__SOURCE DATA__.
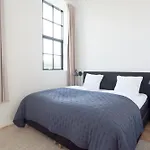 Cozy And Bright With Private Car Park Apartament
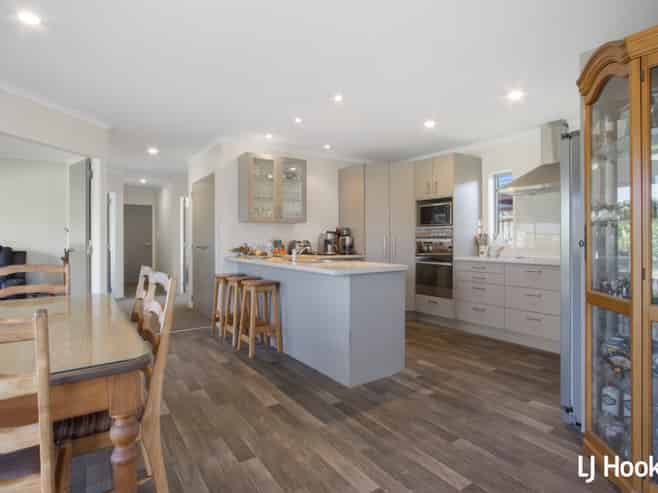 11 Surfers Ave, Waihi Beach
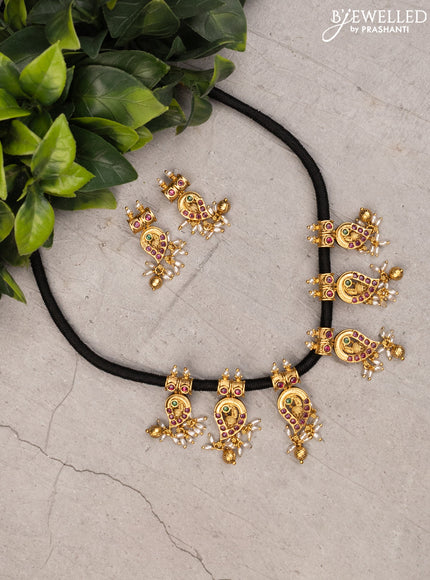 Black thread necklace manga pattern with kemp stones and pearl & golden beads hanging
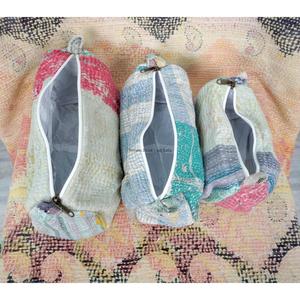 Nouvelle conception, trousse de toilette vintage en patchwork Kantha avec fermeture éclair et pompons, ensemble de 3 pochettes écologiques pour mariages et cadeaux de remerciement - Product Image 5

__EXERCISE__.
Every picture stays out; reproduce exactly the lines from the one with "Black thread necklace" through the last line of the data above.

__RESULT__.
 Black thread necklace manga pattern with kemp stones and pearl & golden beads hanging
 Nouvelle conception, trousse de toilette vintage en patchwork Kantha avec fermeture éclair et pompons, ensemble de 3 pochettes écologiques pour mariages et cadeaux de remerciement - Product Image 5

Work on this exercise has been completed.